4月1日付で日本航空の社長に就任する赤坂祐二は毎年8月12日、御巣鷹山に登る。東京大学大学院で航空工学を学び、入社は1987年。ジャンボ機墜落事故の2年後だ。

「悲惨な事故を二度と起こさないよう力を尽くしたい」という思いが慰霊登山に向かわせるのだろう。

「とにかく真面目」。赤坂を知る人はそう語る。

30年間、一貫して整備畑を歩んだ。親分子分の関係が根強く残る同部門で、赤坂はその頂点に立っていた。人柄も相まって、部門内では「天皇」と呼ばれているが、会社全体では「赤坂って誰?」と言われることが多い。「後継指名に本人が一番驚いている」(日航関係者)と言われる人物は、なぜ社長に選ばれたのか。

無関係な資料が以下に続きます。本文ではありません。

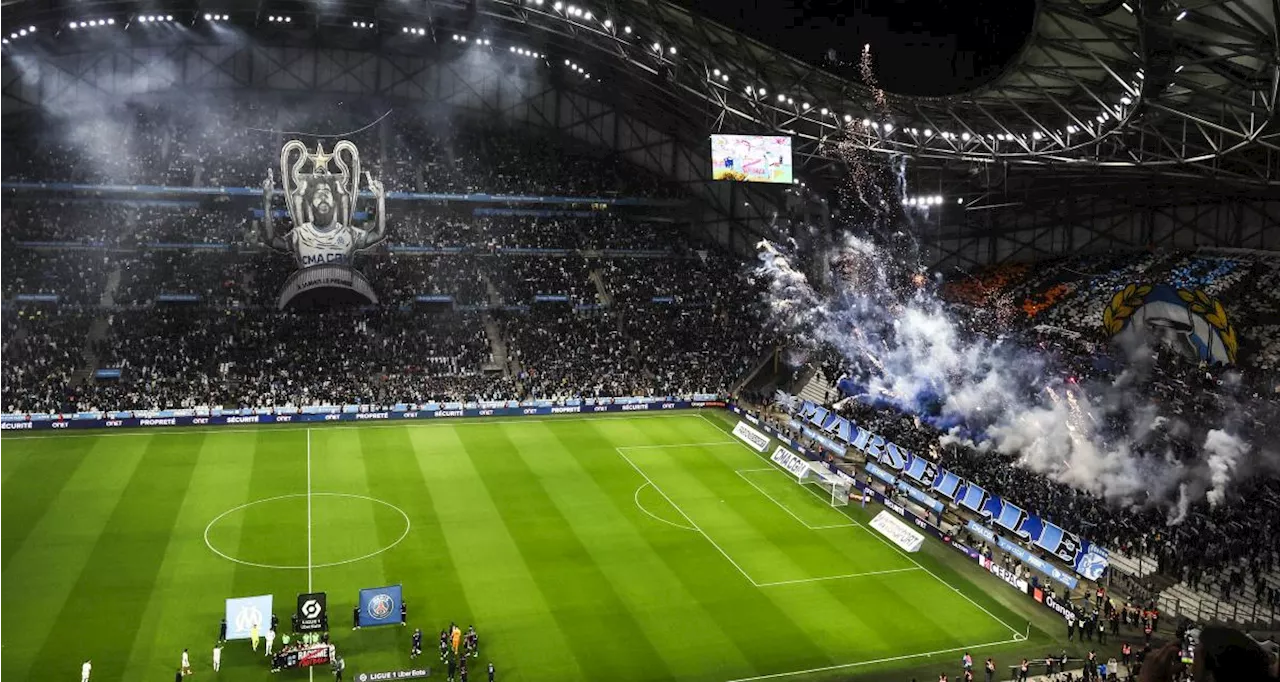 Sanction possible pour l'OM après un avant-match agité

経営破綻した日航は2010年2月京セラ名誉顧問の稲盛和夫を会長に迎え、社長に大西賢を据えた。「稲盛さんは、社長選びの面談に遅刻した大西さんが最初から気に入らなかった」(日航関係者)が、破綻の責任を取って辞任した西松遥たっての願いで「大西社長」は誕生した。しかし、稲盛はわずか2年で大西を会長に棚上げ。大西が灘高から東京大学という学歴からか、何かと上から目線でものを言うところも、稲盛が遠ざける理由だったのだろう。

御眼鏡にかなった「二番手男」

代わって社長に据えた植木義晴はパイロット上がり。戦前から活躍した時代劇俳優、片岡千恵蔵の息子で、育ちは良いが、パイロットとしての評価は必ずしも高くなかった。「新しく導入した機材を最初に飛ばすのは評価が最も高いエースパイロット。二番手グループのパイロットは米ボーイングから機材を日本に運んでくる役回りで、植木は『運び屋』だった」(日航幹部)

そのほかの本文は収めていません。